Эта сказочная притча хранит народную память о древнейшем испытании вер. Оно произошло за десятки веков до прений о вере, которые в 987 году, по свидетельству «Повести временных лет», предшествовали крещению Руси. «Царь-медведь» – духовный вождь (жрец) людей первобытной «медвежьей веры». «Царь» из притчи – представитель нового поколения. Он отправляется «на охоту» (на поиски иной веры, поскольку прежняя ему больше не по душе). В жажде истины он хочет «испить» из старого «колодца» (кладезя знаний), но царь-медведь (жрец) «хватает его за бороду» (пугает карами) и требует отдать в услужение «то, чего сам не знает» (будущее своих детей). Дома (вернувшись в себя), царь понимает свою малодушную ошибку и вместе с женой-царицей пытается её исправить. Они желают, чтобы дети выросли и сами сделали выбор, следовать старой вере или нет. Для этого их сажают в «разукрашенную словно палаты <…> преглубокую яму», но с «потолком» (ограждают от мира до времени), оставляют им «много запасов» (родительской любви) и «закидывает землёй» (скрывают словно медвежат в жилище, подобном берлоге, продолжая следовать верованиям в воскресительную силу медведя).

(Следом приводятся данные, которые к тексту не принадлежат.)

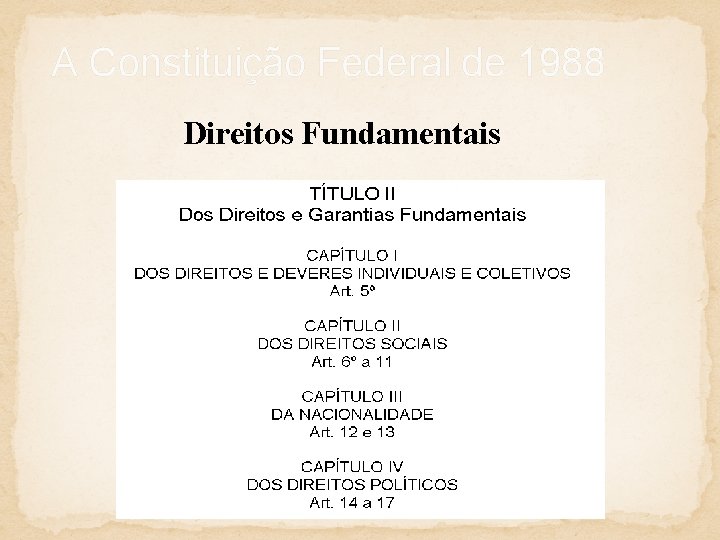 A Constituição Federal de 1988 Direitos Fundamentais 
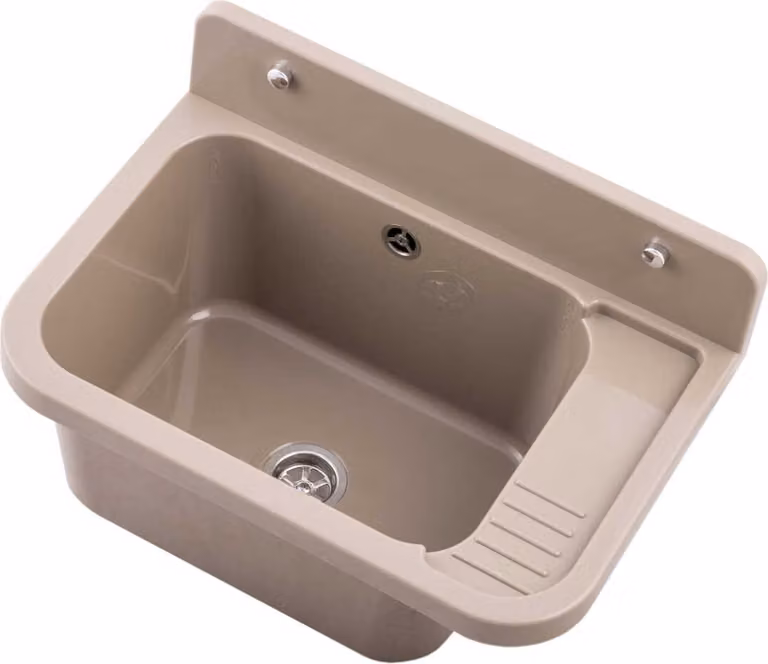 Lavello per officina Lavandino in plastica con accessori; beige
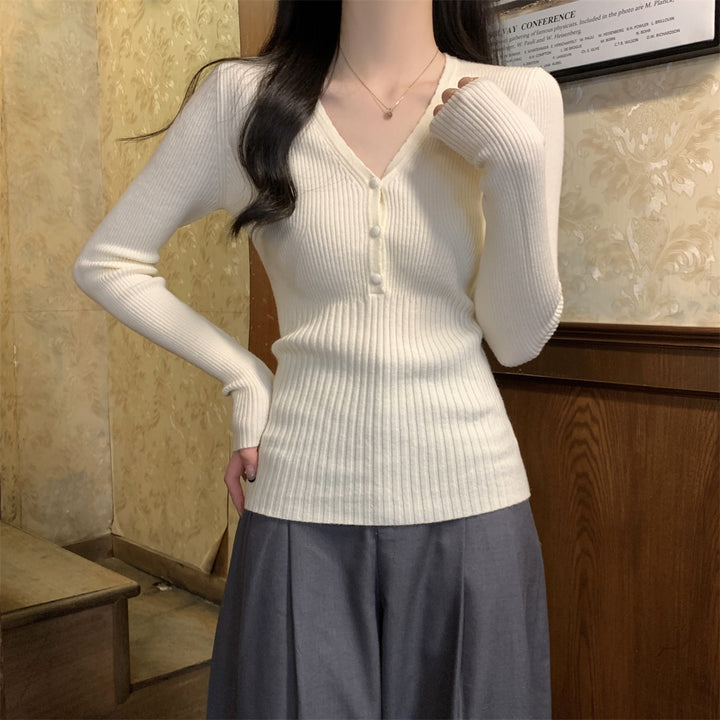 Waist-tight Slimming V-neckline Long-sleeved Women's Temperament Commute Pure Sweater - Trendex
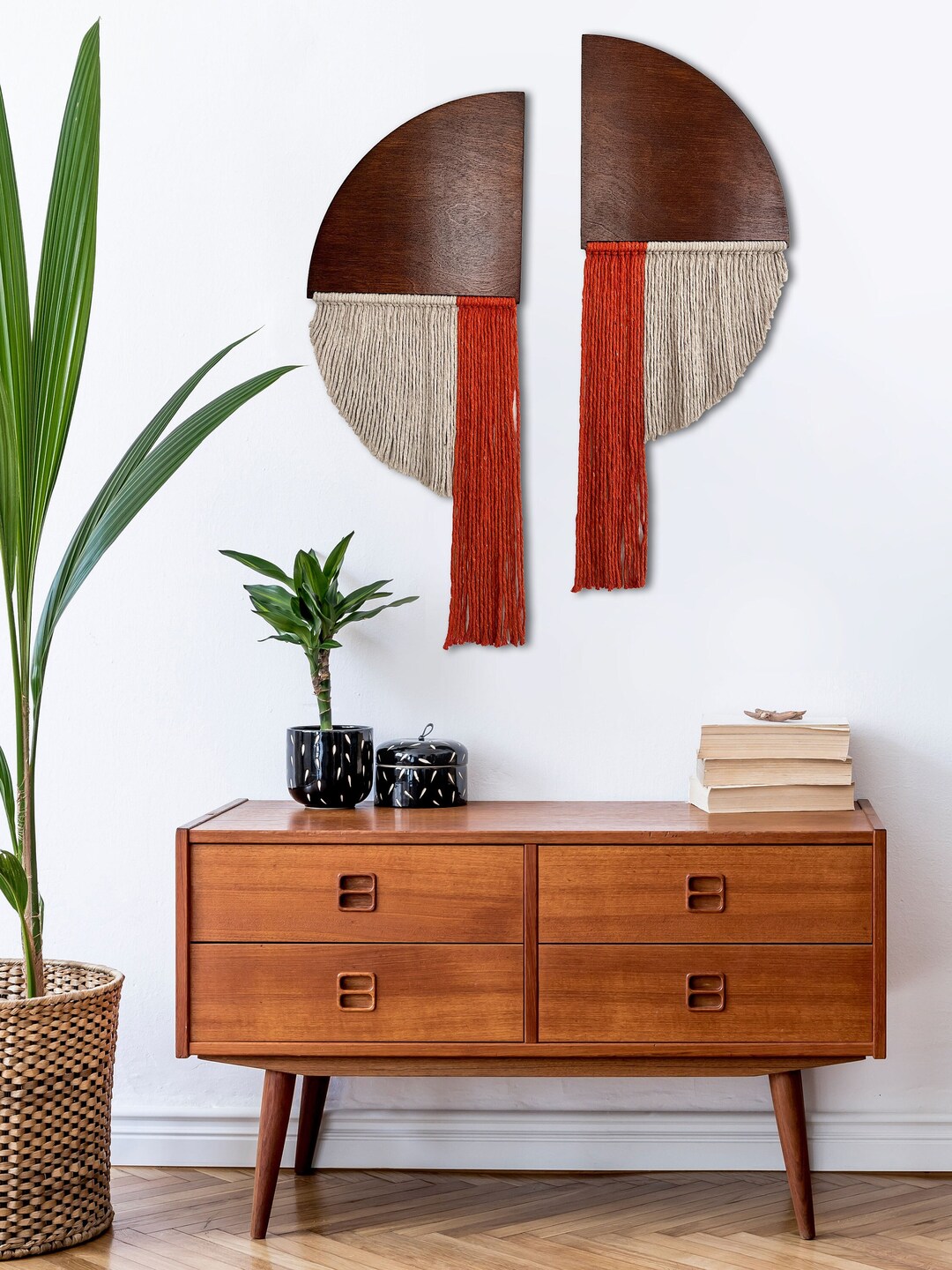 Half Moon Wood & Macrame Wall Hanging Set: Boho Home Decor - Etsy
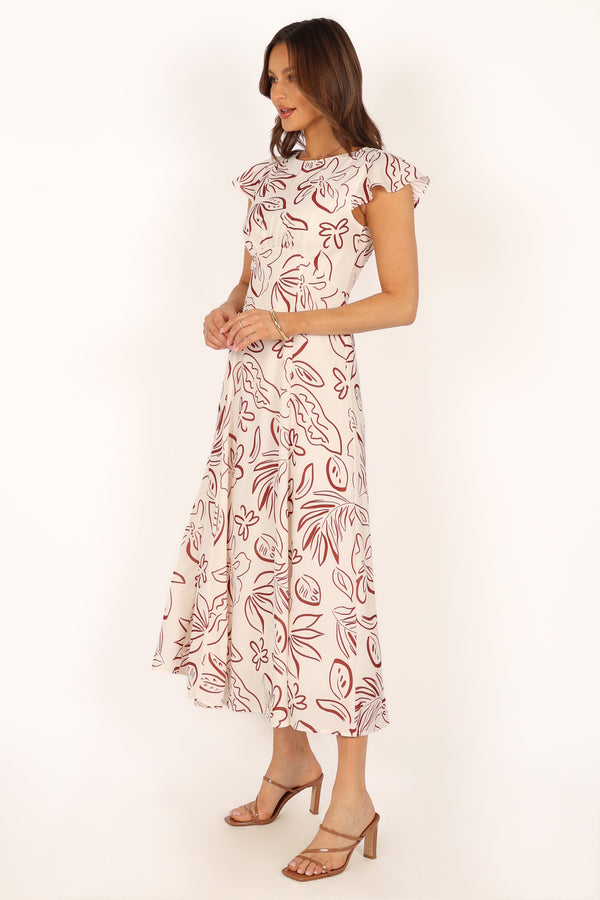 DRESSES @Gene Midi Dress - White Brown Floral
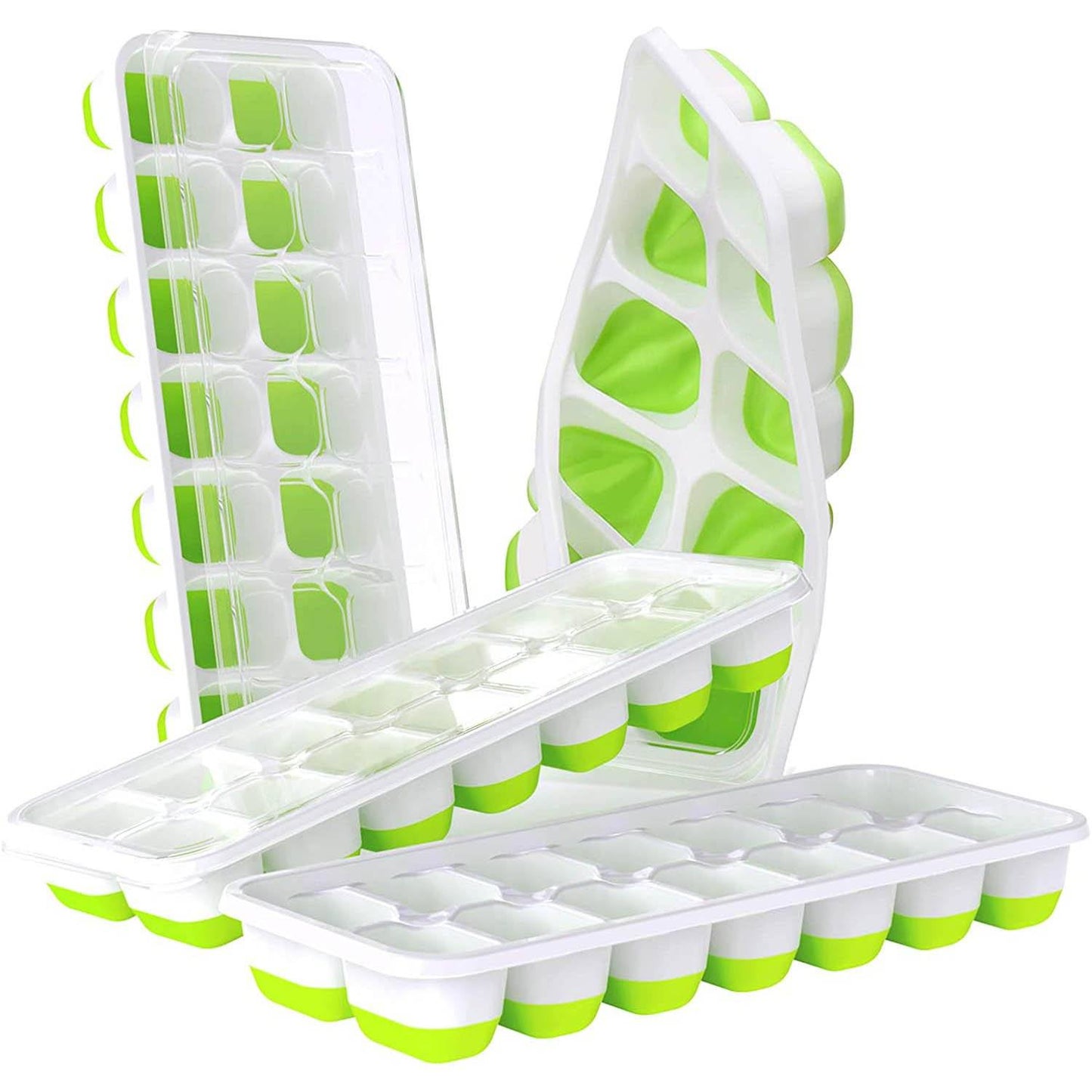 4-Pack: Easy-Release Silicone & Flexible 14-Ice Cube Trays with Spill-Resistant Removable Lid Green __stock:500 Kitchen & Dining refund_fee:800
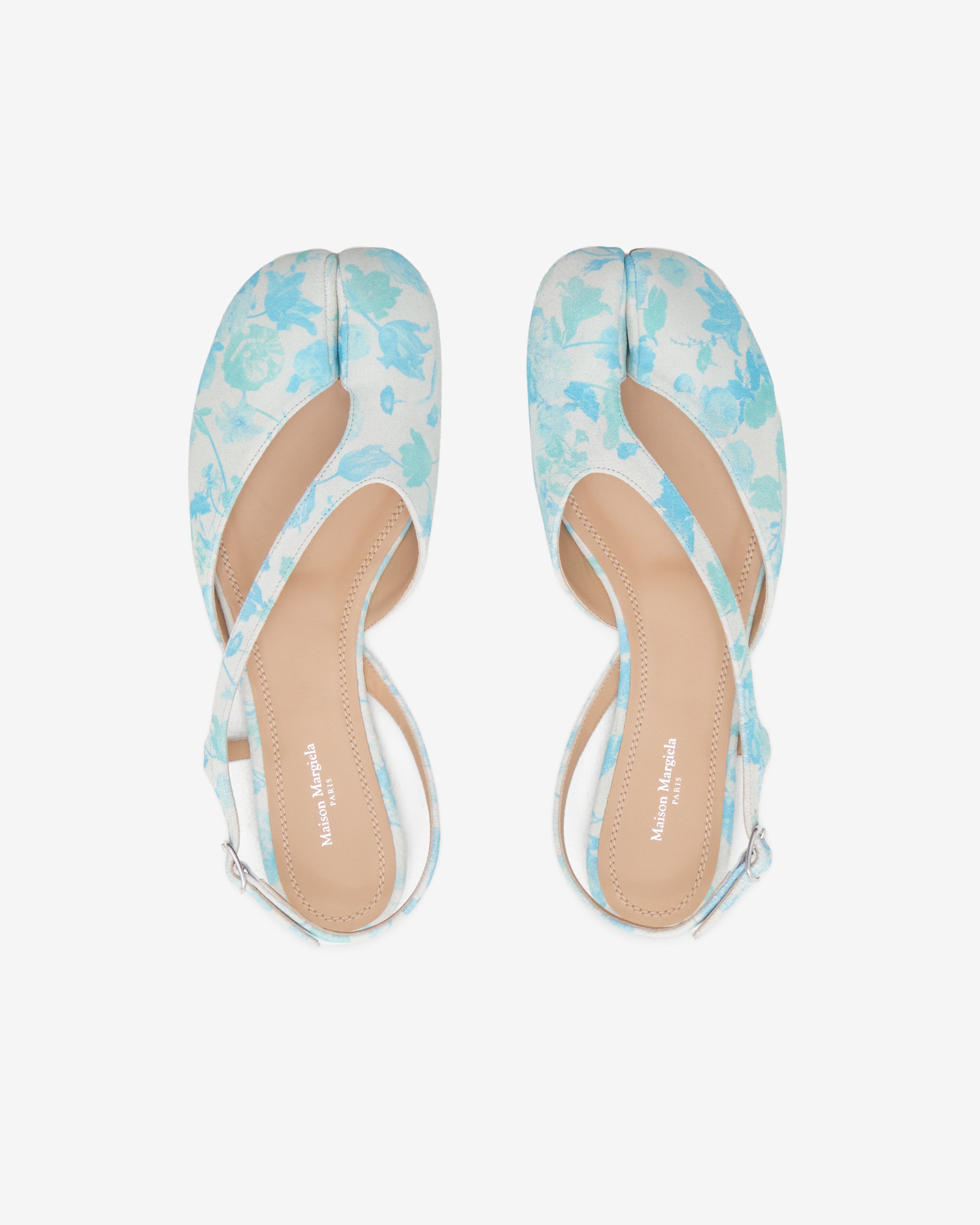 Maison Margiela: Women's Tabi Slingback Sandal (White/Light Blue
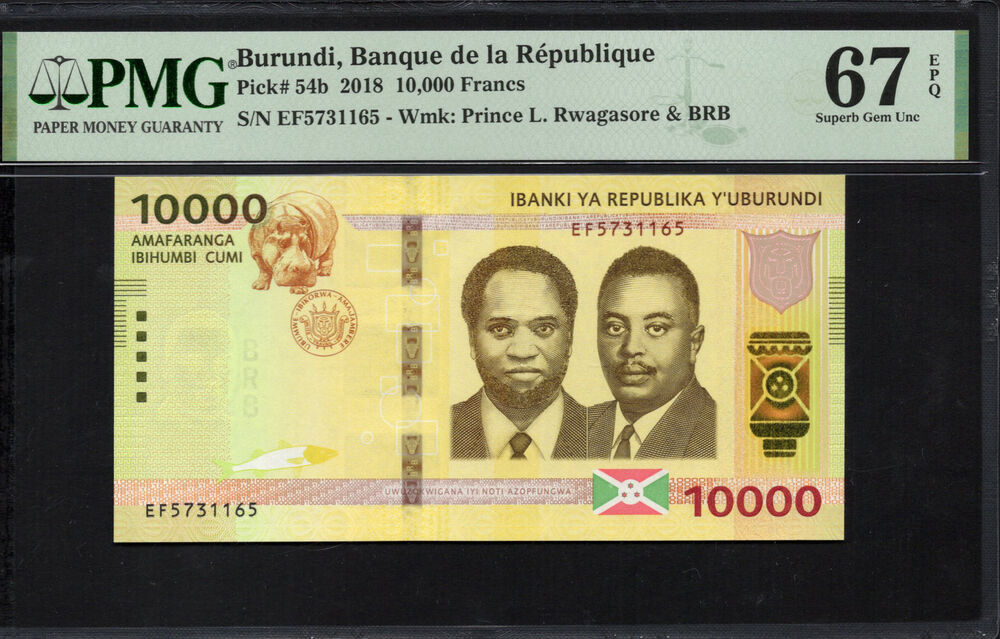 Burundi - 10.000 Francs 2018 - Pick # 54b - PMG 67 EPQ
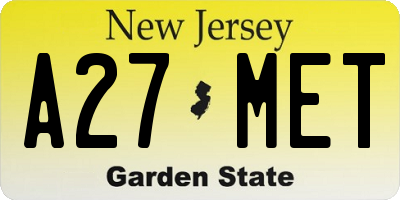 NJ license plate A27MET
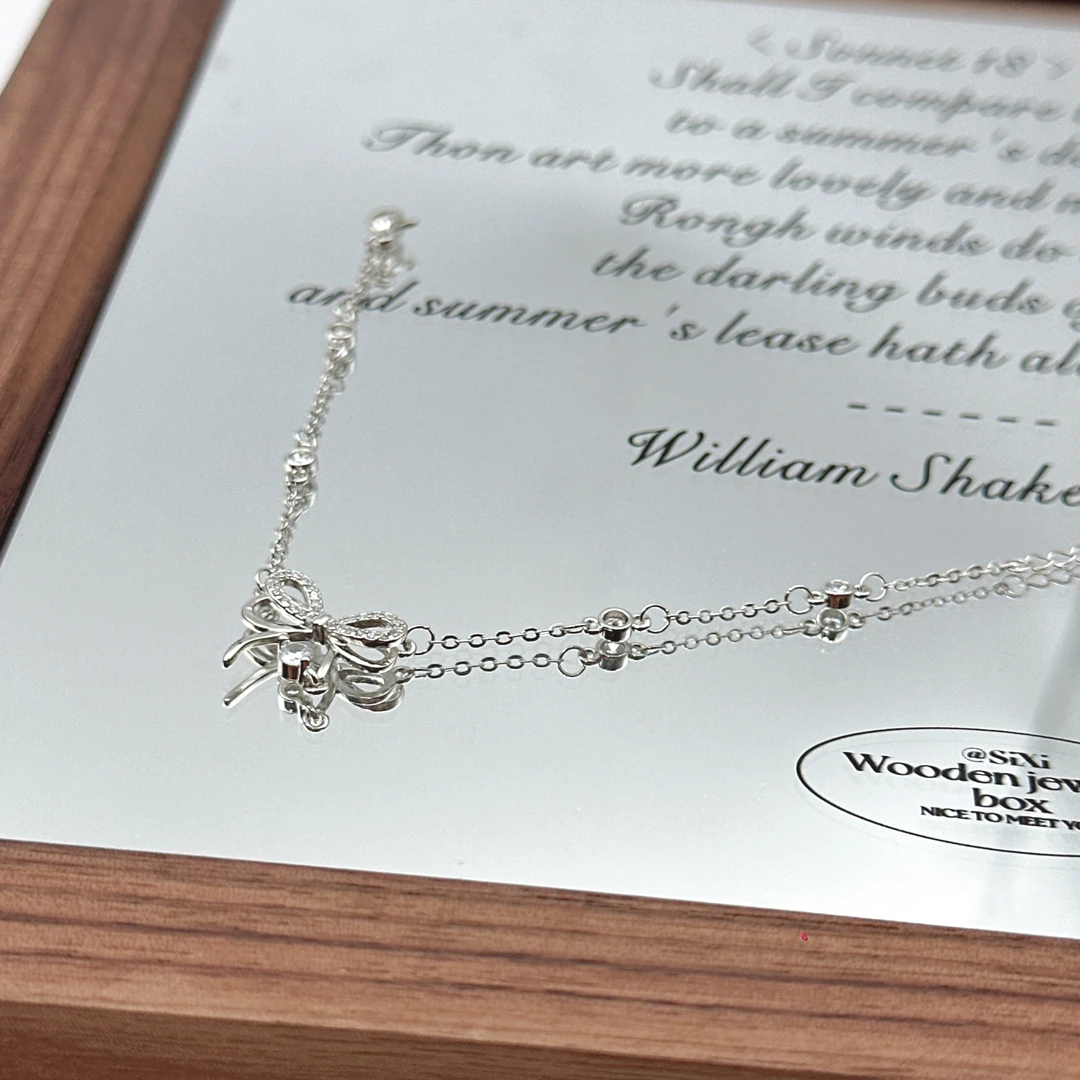 吊坠足银 蝴蝶结9999银项链轻奢小众高级感时尚百搭个性潮流清新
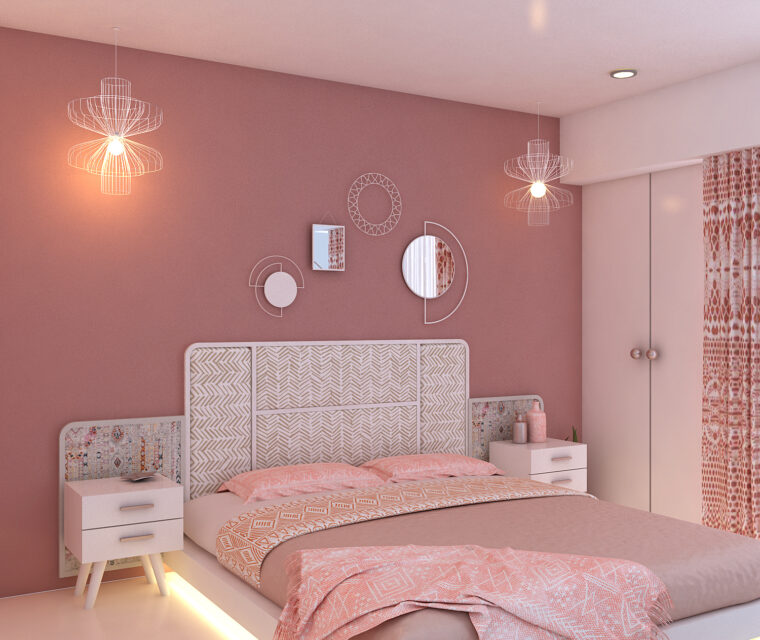 Pink-themed bedroom interior for kids, featuring geometric wall art and illuminated headboard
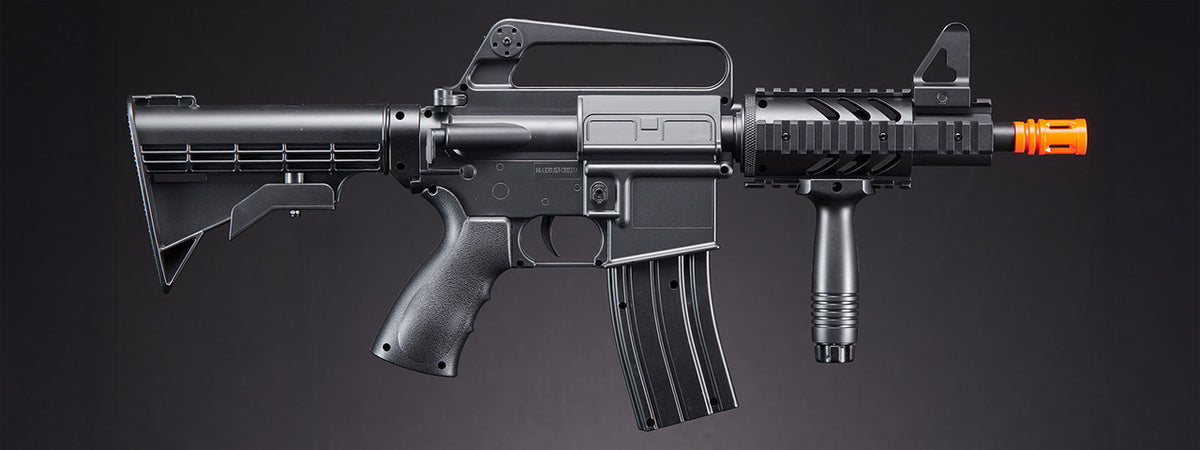 WELL FIRE M16A5 CQB SPRING AIRSOFT RIFLE W/ LASER, FOREGRIP (COLOR: BLACK)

После смерти родителей (с окончанием их духовного влияния), медведь-жрец откапывает детей и говорит, что их отец его «обманул» (сразу не приобщил их к медвежьей вере). Запугав их «съедением» (посмертной гибелью в чреве земли), уносит «к себе в услуги». В его обители медведя «горы под самое небо уходят» (совершается множество обрядов и молитв), при этом в ней «пусто, никто не живёт» (нет последователей его веры). Дети, как в своё время их отец, просят медведя-жреца дать им «пить-есть» (взыскуют истины), и медведь уходит, чтобы найти пищу (слова убеждения) для своих духовных воспитанников. Тогда они начинают «слёзно плакать» (молиться) в страхе перед новыми угрозами.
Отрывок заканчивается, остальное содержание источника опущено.